From the line that contains "The Wild Blade of Strangers backdrop" down to the last line of the listing below, reproduce each line exactly but not the pictures.
Segment Start: GIVEN RECORDS
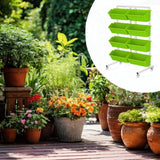 Maxbell Vertical Garden Planter Practical Raised Planter Box for Balcony Home Corner White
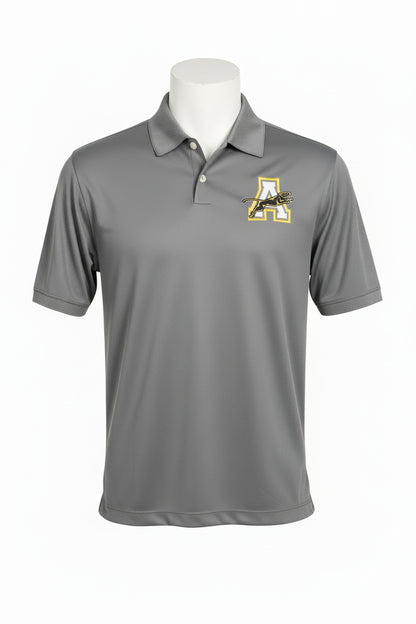 Mens Polo - Gray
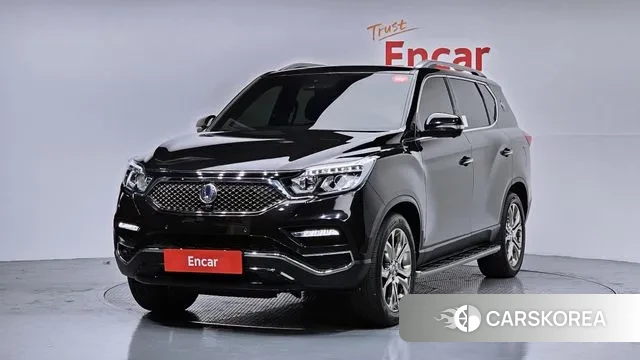 Ssangyong G4 Rexton 2018 Черный из Кореи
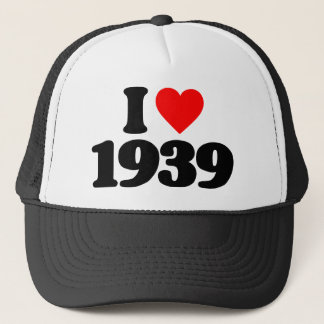 CASQUETTE J'AIME 1939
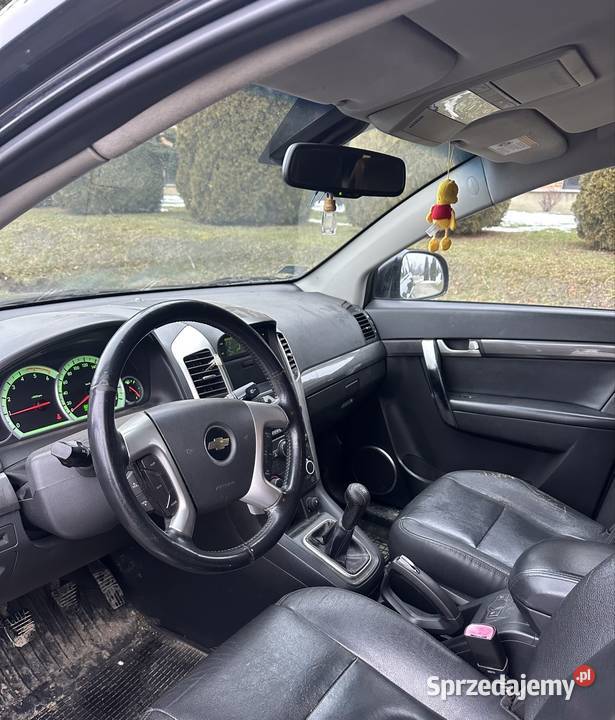 Chevrolet Captiva 20 diesel 2006r 4x4 Pilzno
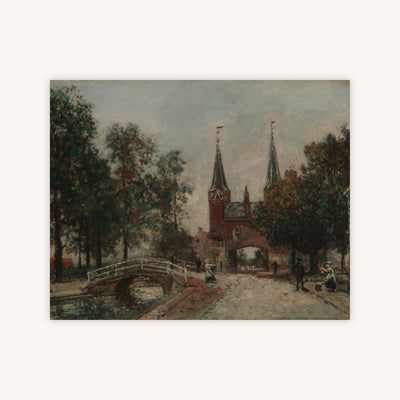 SCENE AT DELFT — Primary Image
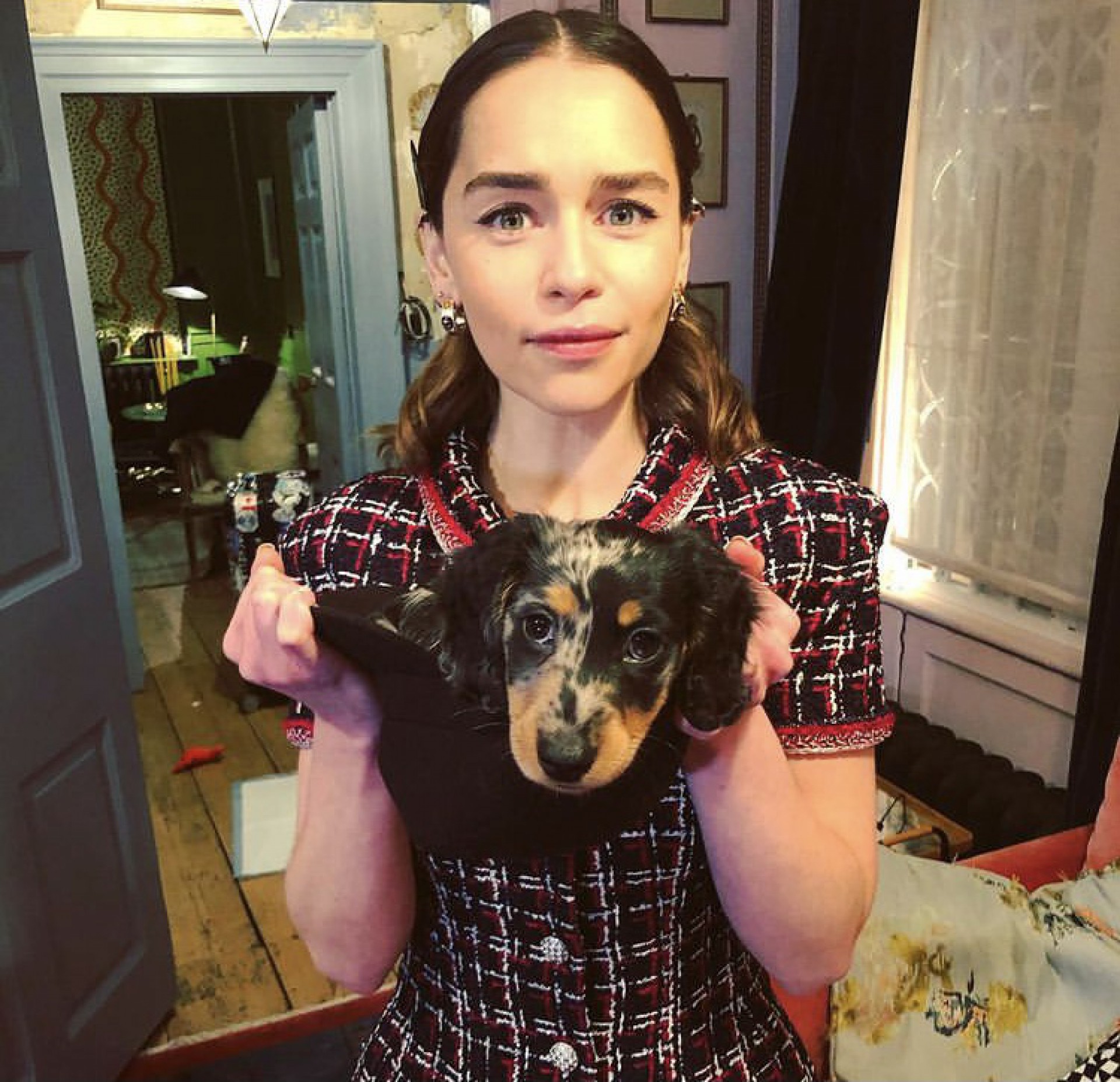 Emilia Clarke - Reprodução / Instagram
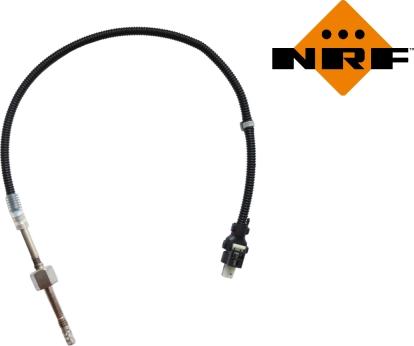 NRF 707164 - Capteur, température des gaz droxauto.com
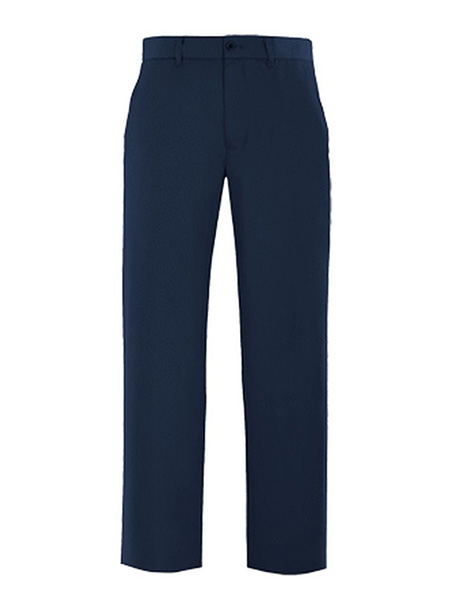 Thumbnail of Flat Front Casual Pant - Unisex (in color NAVY)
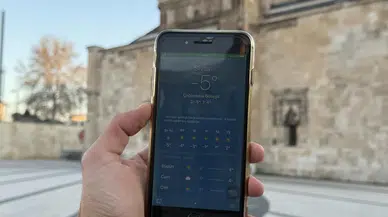 Sivas’ta Soğuk Hayatı Dondurdu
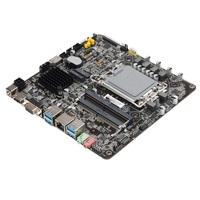 Carte mère Esonic H610 12e génération LVDS Mini ITX DC 19V LGA 1700 ITX avec M.2 SSD+WIFI DDR4 2 emplacements pour I9/7/5/3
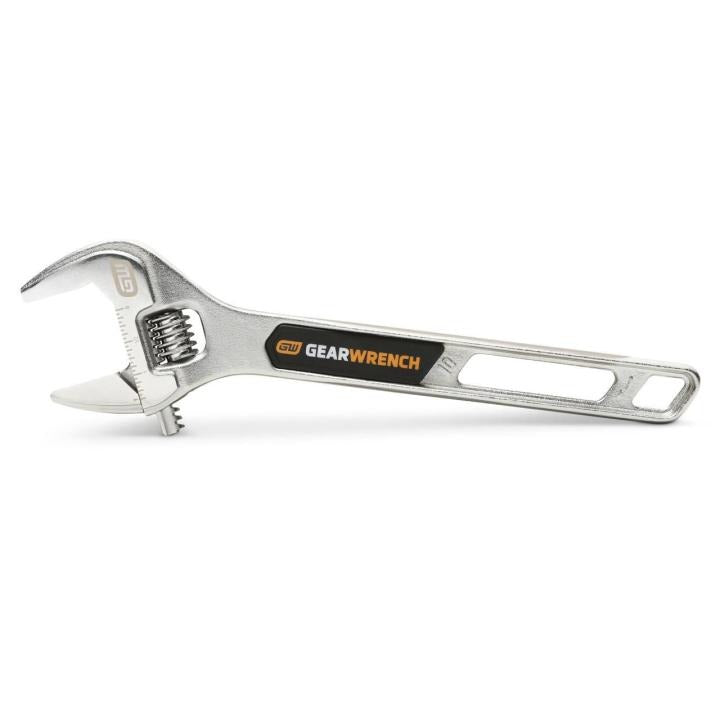 10" Chrome Adjustable Wrench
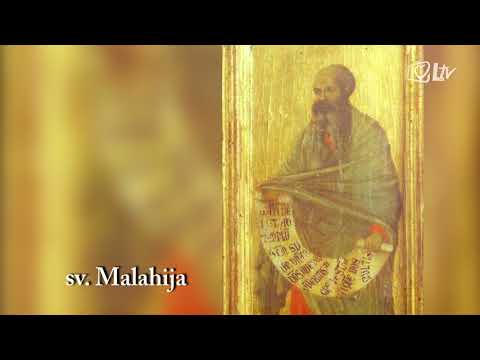 Katolički kalendar 18.12.2017. - sveti Malahija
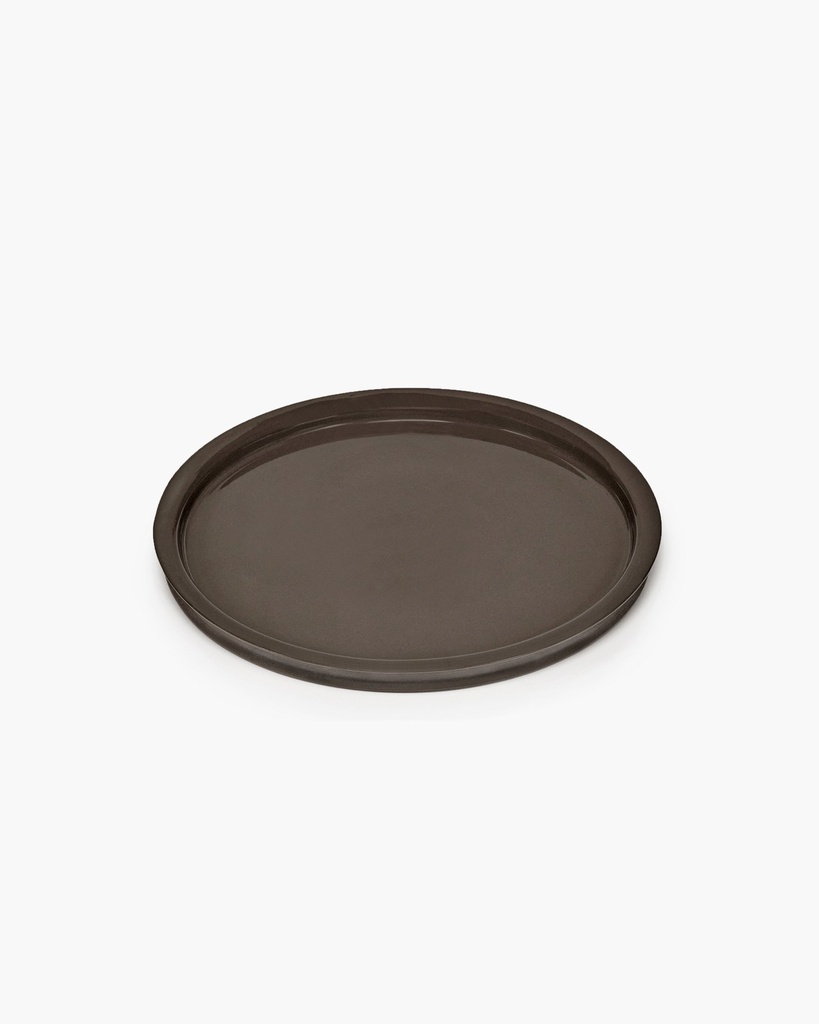 Assiette m slate dune - dark brown 3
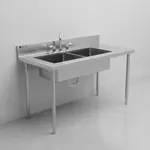 John Boos KCT-BS8425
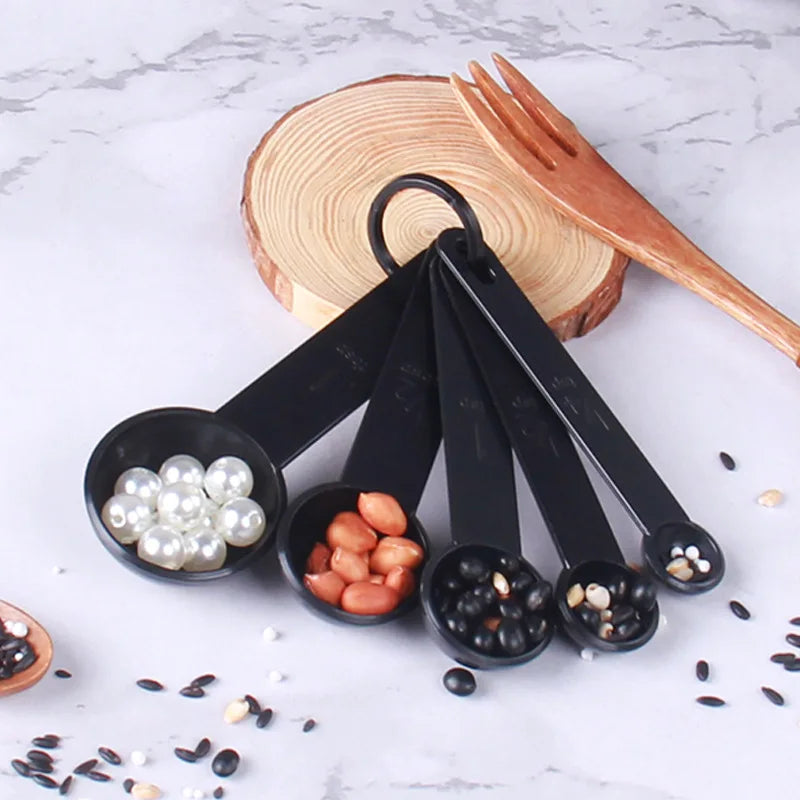 5/10pcs Measuring Tools Kitchen Measuring Spoons Teaspoon Sugar Scoop Cake Baking Flour Measuring Cups Kitchen Measuring Spoons - Vaxicy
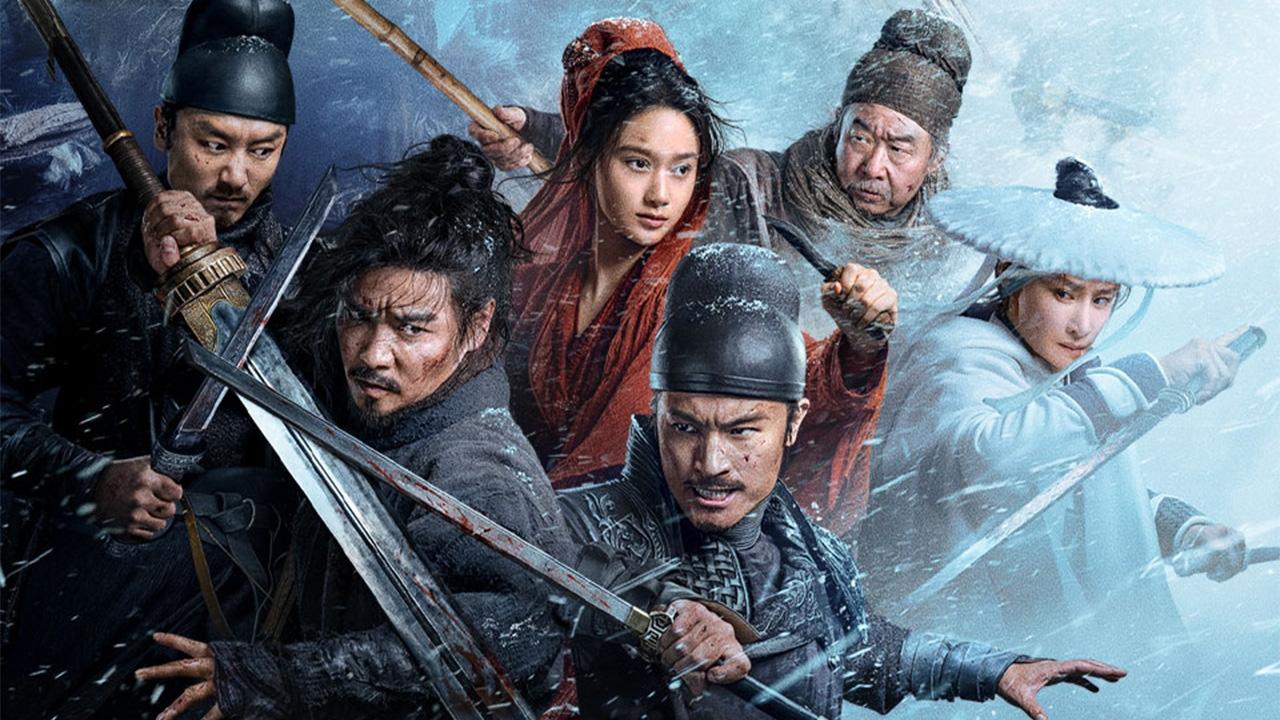 The Wild Blade of Strangers backdrop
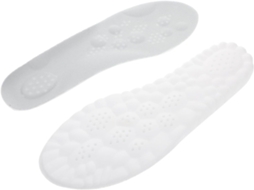 1par De Palmilhas Protetoras Para Os Pés, Palmilhas Confortáveis Com Amortecimento E Suporte Para O Calcanhar Cloud
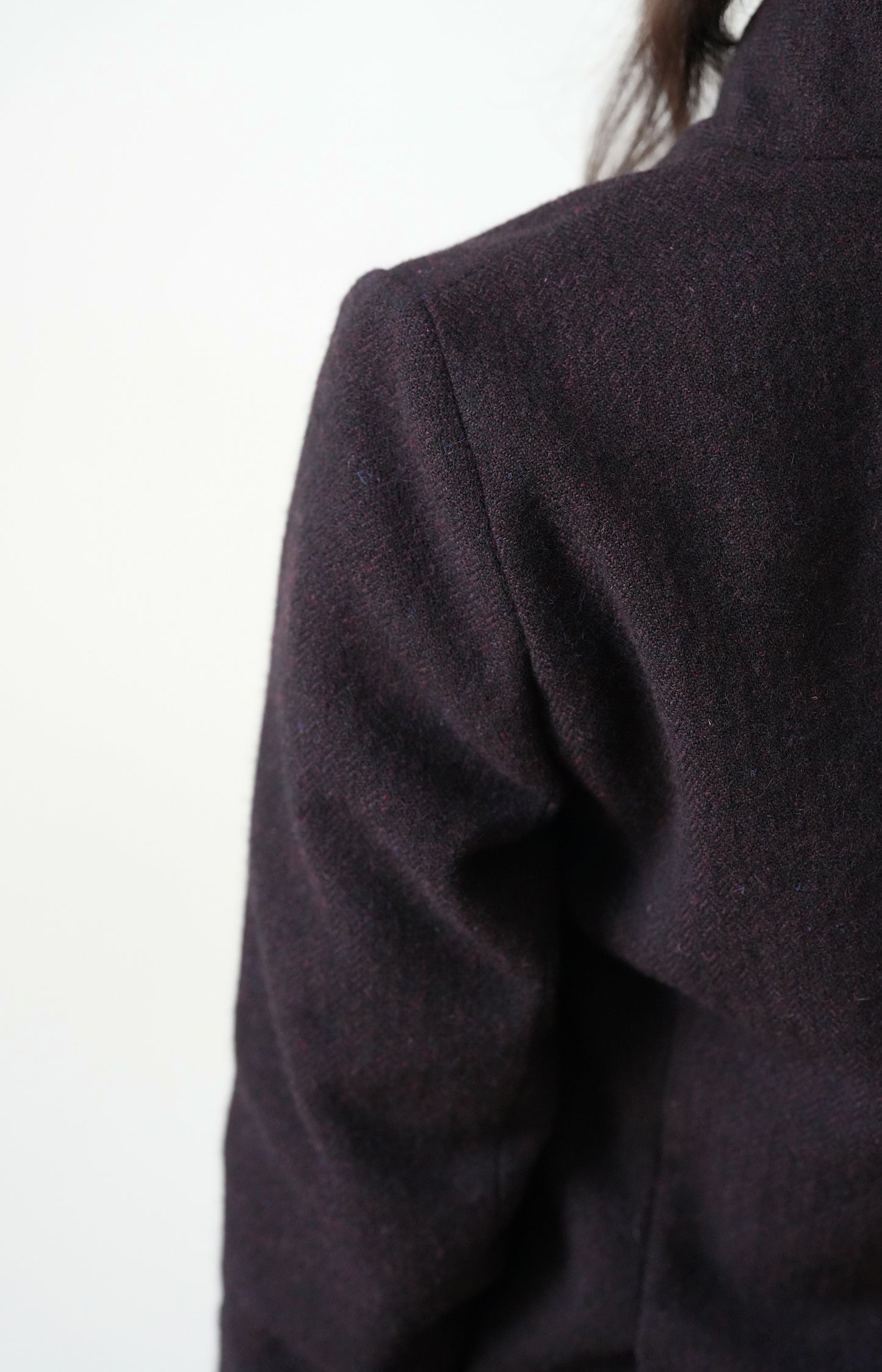 Black Bordeaux Tyrol Jacket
Segment End: GIVEN RECORDS
RESULT —
 The Wild Blade of Strangers backdrop
 1par De Palmilhas Protetoras Para Os Pés, Palmilhas Confortáveis Com Amortecimento E Suporte Para O Calcanhar Cloud
 Black Bordeaux Tyrol Jacket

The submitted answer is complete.